* What is required: Among the entries below, one stretch runs from the line that contains "NEW LODJI coffee & resto" through the line that contains "salondan çıkarıldı ABD". Repeat that stretch exactly, ends included, and only that.

* Provided records:
________

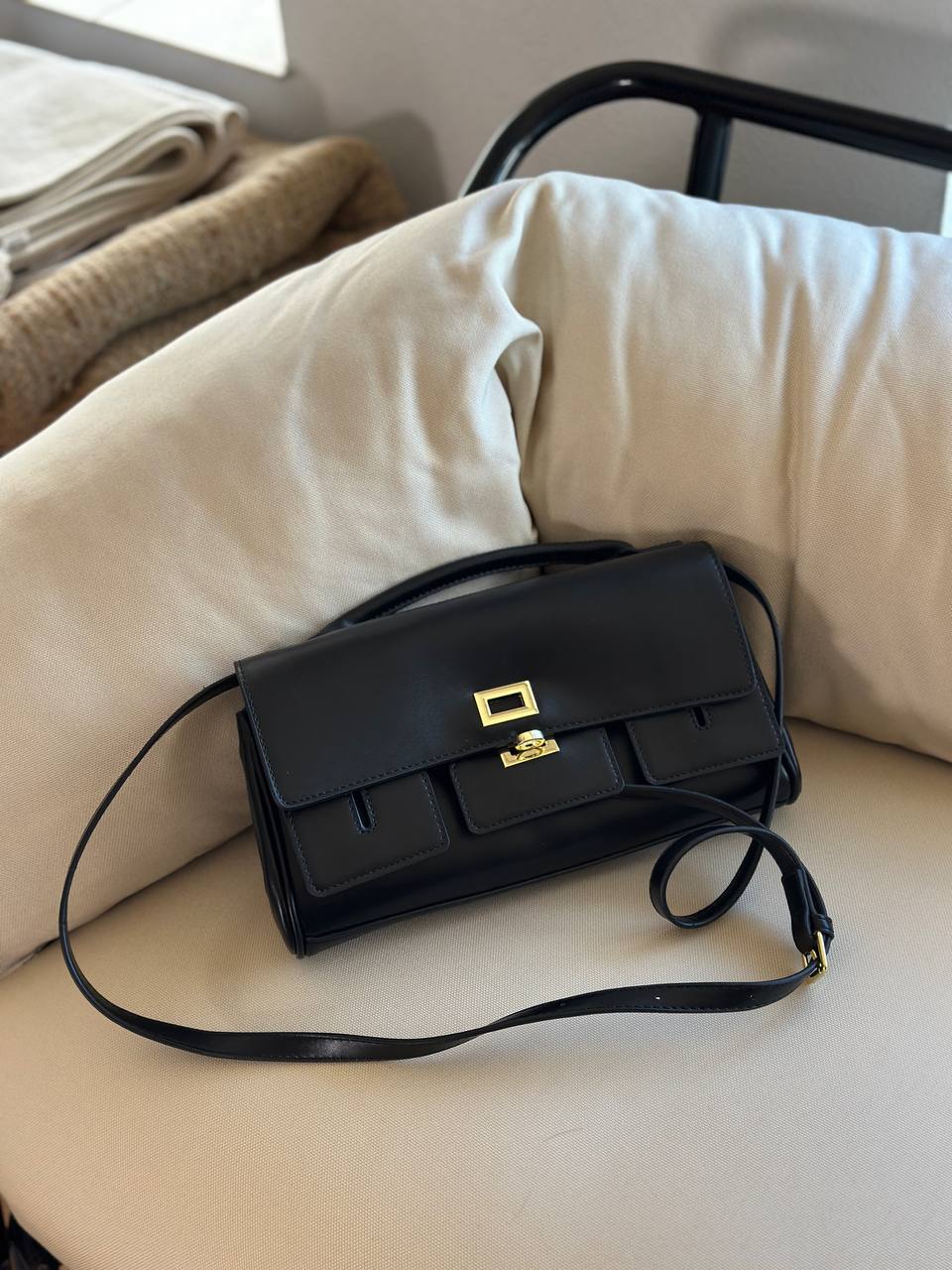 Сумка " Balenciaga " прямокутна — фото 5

________

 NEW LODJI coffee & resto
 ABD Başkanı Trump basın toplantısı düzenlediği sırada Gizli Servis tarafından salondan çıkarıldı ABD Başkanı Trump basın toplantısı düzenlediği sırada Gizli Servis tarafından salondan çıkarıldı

________

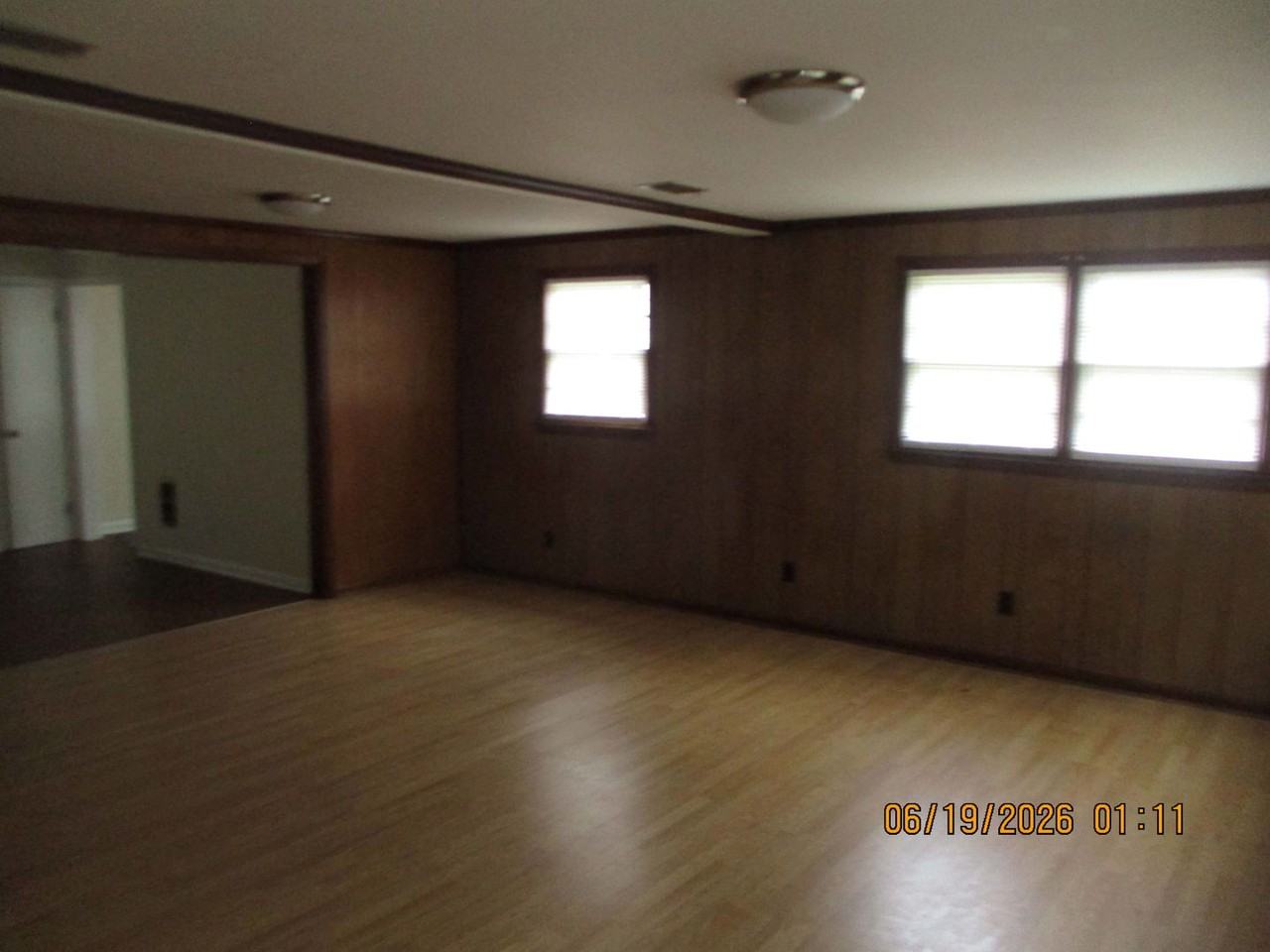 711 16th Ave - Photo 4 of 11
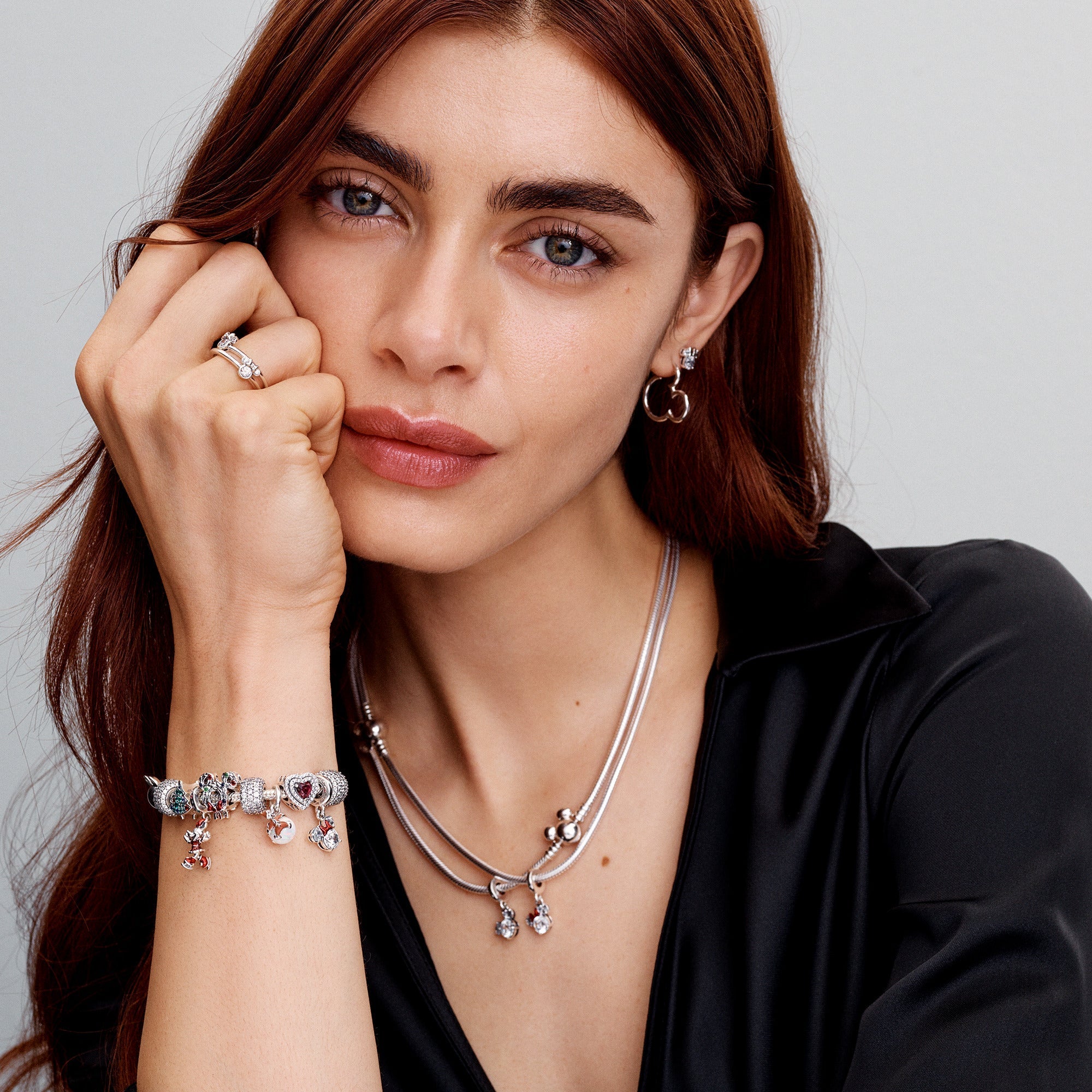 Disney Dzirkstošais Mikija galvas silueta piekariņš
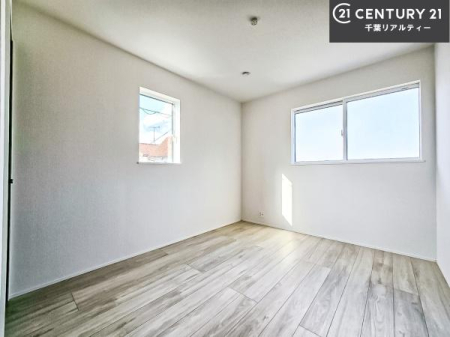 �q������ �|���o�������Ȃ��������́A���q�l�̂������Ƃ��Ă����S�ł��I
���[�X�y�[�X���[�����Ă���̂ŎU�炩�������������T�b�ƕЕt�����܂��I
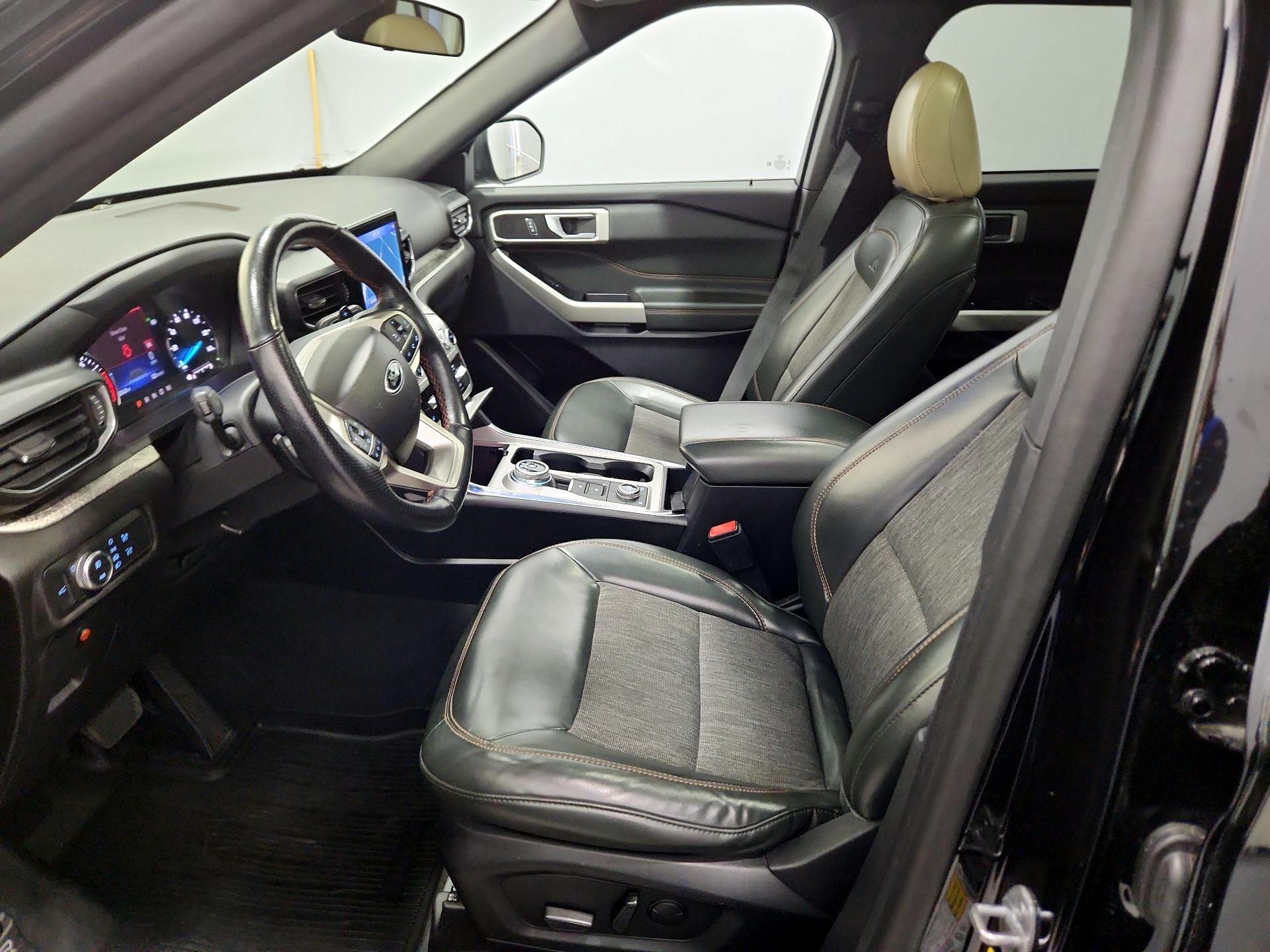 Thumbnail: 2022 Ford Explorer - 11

________

* Answer to this task:
 NEW LODJI coffee & resto
 ABD Başkanı Trump basın toplantısı düzenlediği sırada Gizli Servis tarafından salondan çıkarıldı ABD Başkanı Trump basın toplantısı düzenlediği sırada Gizli Servis tarafından salondan çıkarıldı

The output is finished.